Your engagement in this process helps ensure a fair and constructive review outcome. Thank you for your time and dedication to maintaining the high standards of NeurIPS. Your thoughtful participation in this phase is greatly appreciated!
Best regards,
Area Chair
Summary: The paper introduces MeCeFO, a novel fault-tolerant optimization technique for large language model (LLM) training, designed to handle node failures efficiently. It employs selective skip reconnection, activation recomputation, and low-rank gradient approximation to minimize computational and memory overhead during failure recovery. The paper provides theoretical convergence guarantees and empirical evaluations on LLAMA models (350M, 1B, and 7B), comparing MeCeFO against baselines like Bamboo and Oobleck.
Strengths:
- Reviewers unanimously praise the novelty of MeCeFO, particularly its use of skip connections at the multi-head attention (MHA) component and low-rank gradient approximations to balance accuracy and computational efficiency. The approach creatively leverages the noise-robust nature of SGD, offering a fresh perspective on fault-tolerant training.
- The paper provides a robust convergence analysis, demonstrating that MeCeFO achieves convergence rates comparable to standard distributed SGD under mild assumptions. This theoretical backing strengthens confidence in the algorithm’s reliability.
- The experimental results are compelling, showing MeCeFO’s superior resilience to frequent failures and maintaining high training throughput across various model sizes and failure settings. The inclusion of ablation studies in the appendix further supports the robustness of the approach.
- The optimization techniques are well-reasoned, effectively addressing the trade-off between computational overhead and fault tolerance. The approximation-based strategy is particularly noted for its practical relevance in large-scale training.
Weaknesses:
- Reviewers highlight that the evaluation focuses primarily on final perplexity without assessing downstream transfer capabilities (e.g., zero-shot or few-shot performance) or generative quality metrics like BLEU. This raises concerns about the generalizability of the final weights.
- The assumption of sparse, uniformly random failures is criticized as unrealistic, as real-world failures often cluster on specific nodes, potentially leading to training bias or instability. The paper lacks analysis of how MeCeFO handles non-i.i.d. failure patterns or asymmetric loads.
- While the convergence analysis is robust for average-case scenarios, it lacks worst-case analysis, particularly regarding error amplification in early training or critical layers. And it is questioned how the theoretical guarantee accounts for varying failure rates or statistical failure models.
- MeCeFO is tailored to specific hybrid parallel strategies (e.g., DP group recomputation), but its applicability to tensor parallelism (TP) groups is unclear. Reviewers note that recomputation of entire TP/PP groups may involve healthy nodes, potentially increasing overhead.
- The empirical evaluation assumes idealized failure models (constant frequency) and lacks discussion of varied failure causes, such as network flips or hardware replacements, which could affect recovery times and frequencies. The choice of node recovery times (up to an hour) is not well-justified, and shorter failure intervals (e.g., 5–15 minutes) are not explored.

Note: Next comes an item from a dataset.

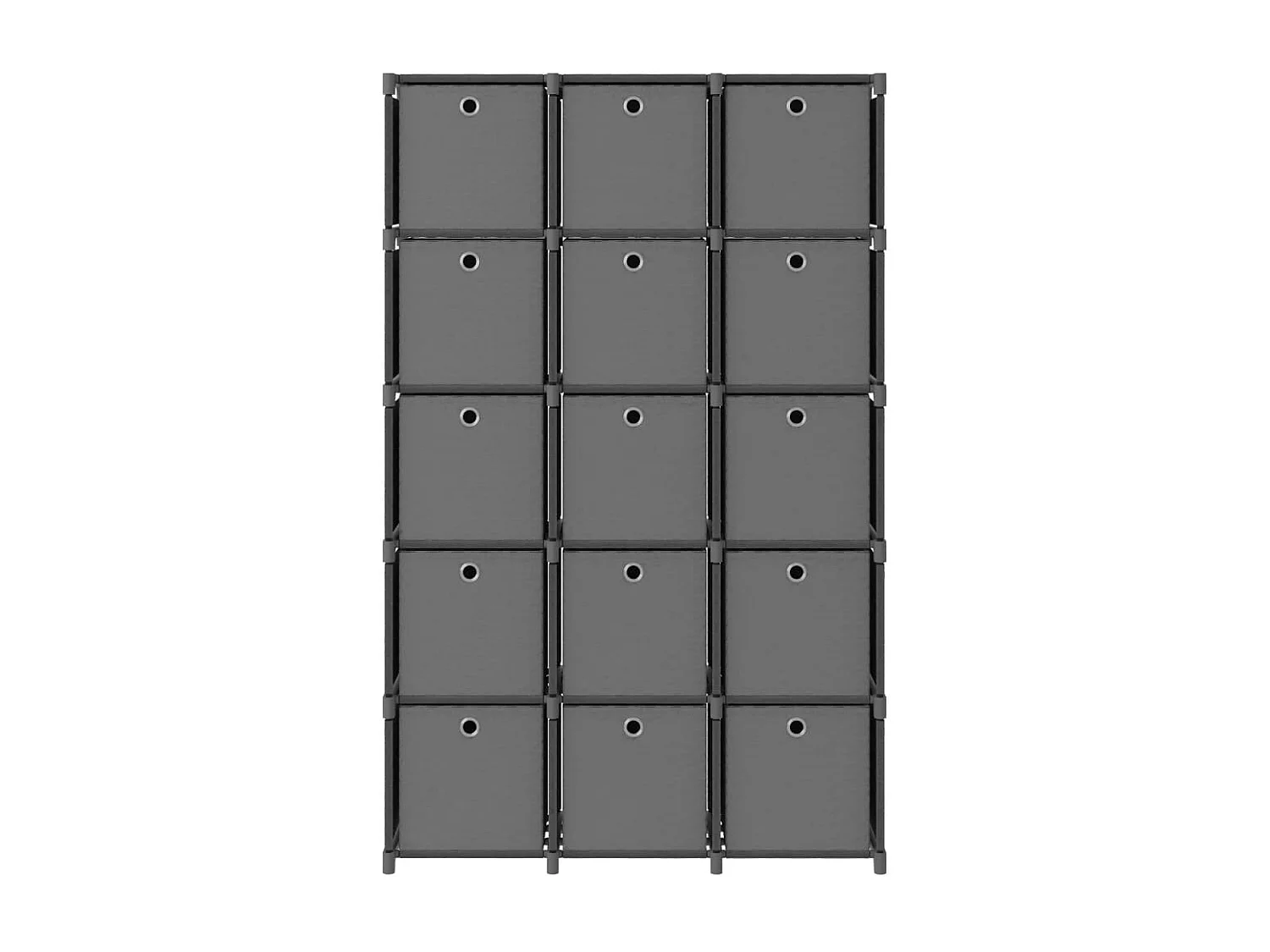 Étagère à 15 cubes avec boîtes Gris 103x30x175,5 cm Tissu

After Rebuttal, all reviewers give positive scores of this paper and most of concerns are addressed. Thus, I recommend Accept.
However, the paper is not recommended for a spotlight or oral presentation due to significant concerns about the scope of its evaluation and assumptions. The algorithm modifies the training process substantially, yet the experiments lack large-scale validation to confirm its effectiveness in real-world, diverse failure scenarios. The absence of downstream task evaluations and the reliance on idealized failure models limit confidence in its generalizability. Additionally, the lack of worst-case theoretical analysis and clarity on handling varied parallelism strategies (e.g., TP groups) suggests that further investigation is needed to establish its robustness across practical settings.